Diário – Você teve uma visão da sua mãe por meio de parentes. Essas cartas e arquivos trouxeram uma outra visão sobre a Olga?
Anita – Não, elas confirmaram o que a gente já sabia. Os arquivos trazem algumas informações que a gente não tinha. Inclusive, o motivo porque a Gestapo não deixou ela sair. Muitos prisioneiros, desde que houvesse algum país que desse asilo, eles deixam sair. Muita gente saiu. Então, por exemplo, minha avó e minha tia tinham essa esperança que conseguisse. Tinham três países que davam asilo, pagavam passagem, davam dinheiro. Todas as condições foram criadas para que ela pudesse sair para o México, Inglaterra ou União Soviética, e a Gestapo não deixou. Por que? Porque eles condicionavam a libertação dela a ela delatar companheiros, tanto da Internacional Comunista como do Partido Comunista Alemão.
Enquanto ela não desse esse tipo de informação, ela tinha que ser cada vez mais castigada, ao final assassinada, e não tinha a menor condição de sair. E ela sempre se recusou a dar esse tipo de informação. Inclusive, tem uma frase em que ela é confrontada em um dos interrogatórios e que ela diz: “Se outros se tornaram traidores, eu jamais o serei”. Eu coloquei essa frase como uma das epígrafes do livro porque é muito característico dessa intrepidez que ela revelou durante esses anos todos em que ela preferiu morrer ao delatar os companheiros.
Diário – Uma personalidade muito forte...
Anita – Ela teve muita firmeza, e antes de morrer passou por muita tortura, trabalho escravo... Esse campo de Ravensbrück, onde ela ficou, era um campo criado pelo (Heinrich) Himmler, um dos grandes chefes da Gestapo e o criador dos campos de concentração. Nesse campo, muitas mulheres saíram da Alemanha. Tinha, ao lado do campo, uma fábrica da Siemens. Uma empresa muita conhecida que existe até hoje, onde se produzia material de guerra e as mulheres do campo de concentração eram submetidas ao trabalho escravo. Ela trabalhou ali. Mas a gente não sabia porque ela não podia escrever isso e o ambiente era muito fechado. Nada transpirava na época.
Diário – O nazismo impediu você de ter o convívio com sua mãe. Qual o sentimento que fica?

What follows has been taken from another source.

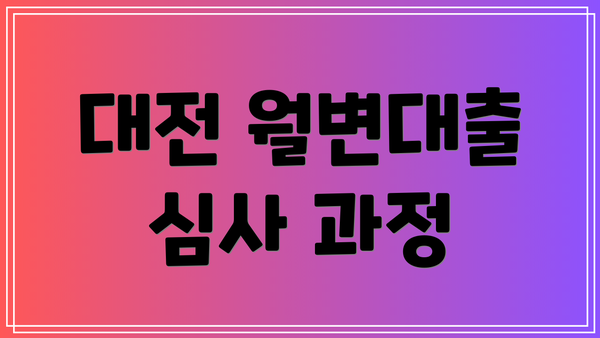 대전 월변대출 심사 과정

Anita – O sentimento básico que fica é o perigo do fascismo, do nazismo, e a necessidade de resistir, de não permitir que isso se repita. Uma das minhas preocupações ao escrever esse livro é justamente isso. Divulgar mais, fazer com as novas gerações conheçam essa situação e, através da emoção, isso ajuda - o caso da Olga emociona muito, as pessoas a se mobilizarem e a entender que não se pode permitir que se repita fatos como esse. Foram milhões de pessoas assassinadas. A Olga é um caso.
Diário – O caso da sua mãe é emblemático também porque tem uma parte de culpa do governo brasileiro...
Anita – Com certeza. O principal responsável foi o governo brasileiro. Ela estava no Brasil e esperando um filho brasileiro. Pela legislação da época, ela tinha direito a permanecer no País. Mesmo assim, ela foi extraditada, inclusive, com beneplácito do Supremo Tribunal Federal.
Diário – Se você pudesse traduzir, em poucas palavras, quem foi Olga. Como você a descreveria?
Anita – Acho que ela era uma comunista que revelou grande intrepidez na luta. Basicamente, isso.